In capacitively excited process chambers, the plasma is excited by RF power applied between an anode electrode and a cathode electrode. Generally the substrate is mounted on a pedestal or susceptor that functions as the cathode electrode, and the anode electrode is mounted a short distance from, and parallel to, the substrate.
Commonly the anode electrode also functions as a gas distribution plate for supplying the process gas mixture into the chamber. The anode electrode is perforated with hundreds or thousands of orifices through which the process gas mixture flows into the gap between the anode and cathode. The orifices are spaced across the surface of the gas distribution plate so as to maximize the spatial uniformity of the process gas mixture adjacent the substrate. Such a gas distribution plate, commonly called a “shower head”, is described in commonly assigned U.S. Pat. No. 4,854,263 issued Aug. 8, 1989 to Chang et al.
The RF excitation of the plasma may be accomplished by connecting one of the two electrodes (i.e. either the anode or the cathode) to the output of an RF power supply and connecting the other electrode to electrical ground. However, many commonly used plasma enhanced CVD and etch processes require RF excitation at two different frequencies simultaneously, with a high frequency RF power supply being connected to the anode electrode and a low frequency RF power supply being connected to the cathode electrode (or vice versa).

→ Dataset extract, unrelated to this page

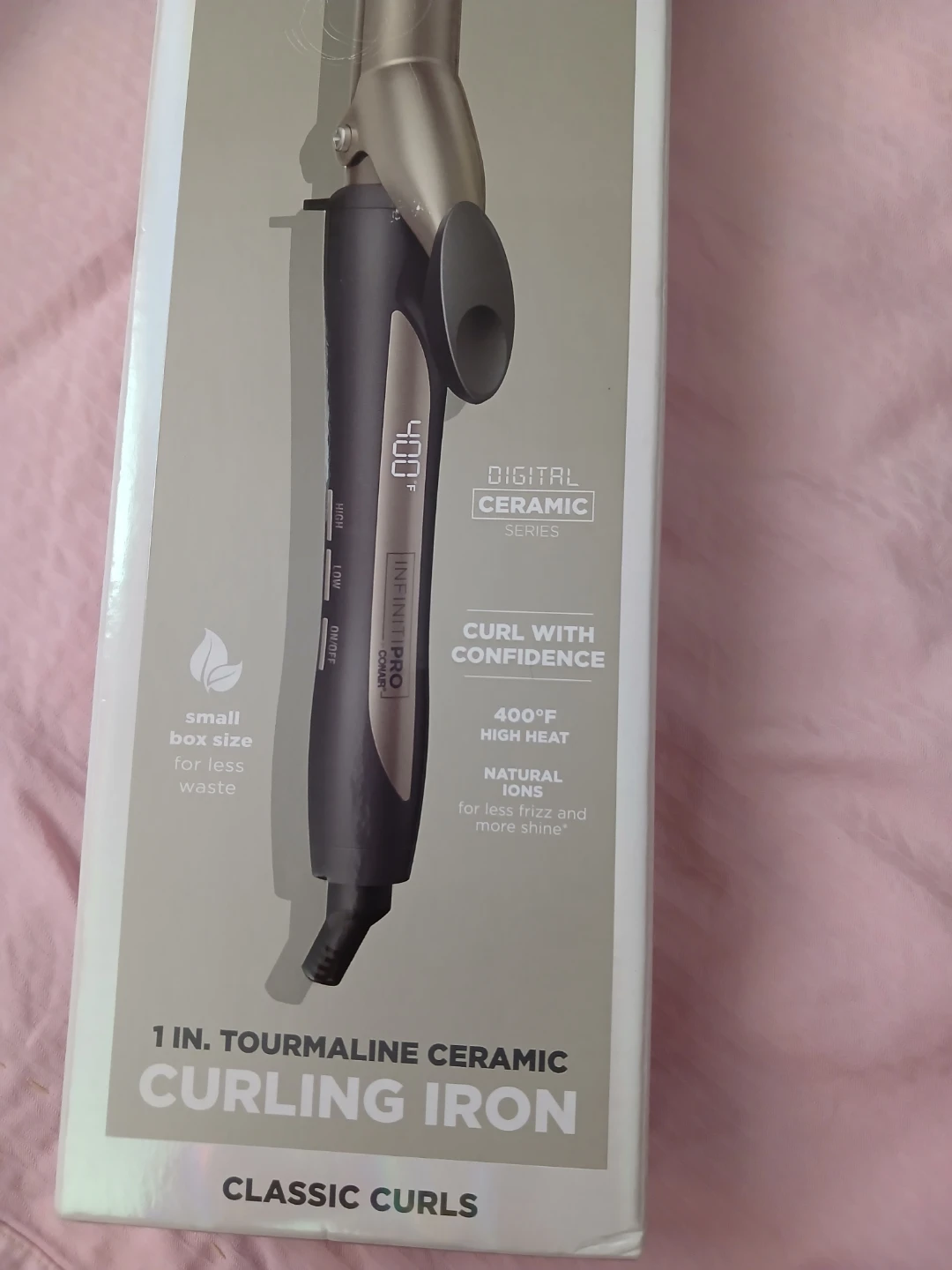 InfinitiPRO by Conair 1-inch Curling Iron - photo 3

We found that connecting the cathode electrode (the susceptor) and the anode electrode (the gas distribution plate) to separate power supplies, so that neither electrode is electrically grounded, can degrade process performance because some RF power can be coupled between one of these electrodes and electrically grounded chamber components such as the electrically grounded chamber wall. This diverts RF power from the region between the susceptor and the gas distribution plate where the RF power is required to perform the desired plasma enhanced CVD or etch process. In the case of a CVD process for depositing a film such as silicon nitride or silicon oxide, we found that such diversion of RF power to a plasma behind or alongside the susceptor can produce a film having undesirable properties such as tensile film stress, low density, and excessive hydrogen content.